4) You note that we provided no justification for using a two-state HMM, as opposed to another number of states. That’s true, and largely because of the limitations on length and complexity mentioned above.
That said, in previous analyses, we also fit a three-state HMM. The three-state model produced mean state estimates (in terms of fastball velocity added/subtracted) that were not substantially different than you would expect from the difference of state means in a two-state permutation-based fit of the model (more on this below). As a result of this, we believed three state models (and above) to be overfitting, and stuck with a two state model.It may be that three state HMMs fit some pitchers and not others. In the future, we may consider an extension of the model to deal with this possibility (i.e. Some pitchers are two-state and others are allowed three-states). But we were satisfied that the two state model was a significant advance, and focused on those results for our initial article.
5) Another of your criticisms relates to the lack of justification for selecting the two state model. You write (correctly) that a two-state HMM would find state differences, and therefore streaks, regardless of whether they were truly there. This is true. However, in order to guard against this, we randomly permuted the sequence of each pitcher’s fastballs and re-fit the HMM on the permuted data. We found that the permuted data generated differences between hot and cold states that were much smaller than we found in the real data. In addition, the transition matrices for these permuted sequences were close to .5 in each cell, meaning that states flipped randomly. In the real data, our transition matrices tended to feature fewer transitions between states, and much higher probabilities to remain within a state, resulting in much longer streaks.
6) Finally, we are disappointed in your summary of our article. We deeply respect your work both within and outside of sabermetrics, but we strongly disagree with the assertion that we structured our analysis around a headline. In fact, we killed one section of the article (on hitter performance) after we concluded that there wasn’t enough evidence.
With that said, we stand by our conclusions and note that many of the criticisms you made were addressed, in some form, within the article. Others arose from misunderstandings driven by the brevity of the article and the fact that it had to be addressed to a general audience. We intend to more fully describe the methodology and implement additional predictive checks and validation steps in an academic article we are currently preparing. In writing for a broad audience, we found it challenging to specify the model in a way that wouldn’t distract or discourage our readers. Necessarily, we struck a balance between statistical rigor and accessibility, and perhaps you believe we went too far towards accessibility.
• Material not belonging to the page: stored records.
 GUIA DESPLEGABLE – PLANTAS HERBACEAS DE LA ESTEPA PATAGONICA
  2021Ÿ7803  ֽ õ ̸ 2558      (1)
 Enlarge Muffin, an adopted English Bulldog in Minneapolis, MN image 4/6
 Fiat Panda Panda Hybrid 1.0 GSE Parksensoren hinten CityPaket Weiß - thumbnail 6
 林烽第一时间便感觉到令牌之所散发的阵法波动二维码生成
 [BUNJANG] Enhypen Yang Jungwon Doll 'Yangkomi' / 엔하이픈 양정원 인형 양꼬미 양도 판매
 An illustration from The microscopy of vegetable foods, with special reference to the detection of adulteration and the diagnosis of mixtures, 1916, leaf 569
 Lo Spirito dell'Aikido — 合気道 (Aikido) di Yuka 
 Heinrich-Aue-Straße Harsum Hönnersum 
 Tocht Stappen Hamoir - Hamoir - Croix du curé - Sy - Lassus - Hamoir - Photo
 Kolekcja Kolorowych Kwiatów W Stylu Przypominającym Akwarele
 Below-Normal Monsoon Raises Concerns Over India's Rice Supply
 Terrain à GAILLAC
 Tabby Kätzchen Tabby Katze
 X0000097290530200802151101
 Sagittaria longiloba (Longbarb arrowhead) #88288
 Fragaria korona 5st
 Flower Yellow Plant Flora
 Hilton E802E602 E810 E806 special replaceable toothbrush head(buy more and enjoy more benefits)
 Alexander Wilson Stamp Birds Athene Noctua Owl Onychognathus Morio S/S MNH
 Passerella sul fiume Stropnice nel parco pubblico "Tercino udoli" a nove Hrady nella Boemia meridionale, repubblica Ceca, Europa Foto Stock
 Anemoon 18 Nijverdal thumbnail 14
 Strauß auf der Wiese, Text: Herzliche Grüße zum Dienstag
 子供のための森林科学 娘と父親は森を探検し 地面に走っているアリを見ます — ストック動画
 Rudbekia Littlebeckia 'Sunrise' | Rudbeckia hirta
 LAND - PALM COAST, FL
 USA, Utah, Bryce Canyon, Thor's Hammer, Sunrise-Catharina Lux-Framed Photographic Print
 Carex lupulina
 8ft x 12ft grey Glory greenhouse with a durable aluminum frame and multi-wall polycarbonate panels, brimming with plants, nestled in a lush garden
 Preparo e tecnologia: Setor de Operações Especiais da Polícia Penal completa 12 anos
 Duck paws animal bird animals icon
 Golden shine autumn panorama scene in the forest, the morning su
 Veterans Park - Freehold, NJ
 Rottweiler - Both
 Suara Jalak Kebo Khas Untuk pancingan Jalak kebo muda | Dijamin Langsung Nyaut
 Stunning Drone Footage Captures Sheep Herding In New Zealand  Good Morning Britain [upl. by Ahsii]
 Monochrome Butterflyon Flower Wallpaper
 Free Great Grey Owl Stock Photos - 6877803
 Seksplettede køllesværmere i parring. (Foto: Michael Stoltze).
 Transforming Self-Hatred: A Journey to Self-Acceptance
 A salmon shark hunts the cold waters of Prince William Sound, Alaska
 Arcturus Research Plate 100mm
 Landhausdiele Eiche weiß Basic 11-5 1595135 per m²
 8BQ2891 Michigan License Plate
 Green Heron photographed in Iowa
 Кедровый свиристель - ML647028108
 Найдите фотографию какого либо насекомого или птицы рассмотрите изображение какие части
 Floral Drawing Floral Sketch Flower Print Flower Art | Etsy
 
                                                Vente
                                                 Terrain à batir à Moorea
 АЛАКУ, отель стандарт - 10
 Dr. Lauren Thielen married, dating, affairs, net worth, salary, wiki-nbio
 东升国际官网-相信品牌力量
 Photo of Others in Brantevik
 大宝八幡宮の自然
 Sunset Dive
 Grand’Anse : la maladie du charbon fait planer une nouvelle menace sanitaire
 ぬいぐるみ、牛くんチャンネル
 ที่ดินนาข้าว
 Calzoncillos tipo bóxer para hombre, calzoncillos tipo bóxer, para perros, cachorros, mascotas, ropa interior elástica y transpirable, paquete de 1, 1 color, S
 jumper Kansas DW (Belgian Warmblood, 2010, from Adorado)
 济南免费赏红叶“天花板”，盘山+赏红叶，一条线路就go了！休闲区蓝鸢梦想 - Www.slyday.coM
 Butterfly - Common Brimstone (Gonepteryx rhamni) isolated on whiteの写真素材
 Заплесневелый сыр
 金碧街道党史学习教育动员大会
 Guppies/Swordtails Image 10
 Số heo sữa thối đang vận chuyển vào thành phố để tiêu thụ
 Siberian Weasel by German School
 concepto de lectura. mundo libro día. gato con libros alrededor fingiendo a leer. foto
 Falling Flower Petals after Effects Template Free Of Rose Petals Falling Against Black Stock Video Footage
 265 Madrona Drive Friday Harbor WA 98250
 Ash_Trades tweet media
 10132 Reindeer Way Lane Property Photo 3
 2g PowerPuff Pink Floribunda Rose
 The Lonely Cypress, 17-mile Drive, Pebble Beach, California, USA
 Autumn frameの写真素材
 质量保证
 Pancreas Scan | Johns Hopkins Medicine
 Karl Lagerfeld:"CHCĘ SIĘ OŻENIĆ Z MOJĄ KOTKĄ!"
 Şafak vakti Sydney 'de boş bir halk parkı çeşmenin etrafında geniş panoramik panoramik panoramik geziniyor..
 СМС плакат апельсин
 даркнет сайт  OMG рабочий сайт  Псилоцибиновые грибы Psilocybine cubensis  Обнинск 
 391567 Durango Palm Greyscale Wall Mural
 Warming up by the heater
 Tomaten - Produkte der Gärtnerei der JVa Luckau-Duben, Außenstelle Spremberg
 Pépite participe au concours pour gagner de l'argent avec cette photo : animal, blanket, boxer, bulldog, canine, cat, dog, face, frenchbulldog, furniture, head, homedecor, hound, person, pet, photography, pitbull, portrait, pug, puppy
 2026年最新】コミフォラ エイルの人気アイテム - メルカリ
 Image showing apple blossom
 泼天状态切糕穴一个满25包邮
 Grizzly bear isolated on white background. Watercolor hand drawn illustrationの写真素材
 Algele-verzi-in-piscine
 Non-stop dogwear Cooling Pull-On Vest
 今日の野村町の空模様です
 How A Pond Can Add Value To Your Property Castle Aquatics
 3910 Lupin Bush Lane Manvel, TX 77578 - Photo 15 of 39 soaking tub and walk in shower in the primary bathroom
Respectfully, we disagree. For statistical analysis to reach the general public, we have to learn to communicate in an approachable fashion to people without extensive quantitative or mathematical backgrounds. That shouldn’t (and doesn’t need to) come at the cost of accuracy: Statisticians can communicate with each other at the same level of detail as before (as we have endeavored to do here, and will continue in our upcoming academic paper). But if every attempt to communicate findings to the general public is criticized because it lacks that rigor, we risk discouraging researchers from describing their work and its importance to those outside the statistical community.
We very much appreciate being given the chance to respond to your criticisms. Thank you, Jim.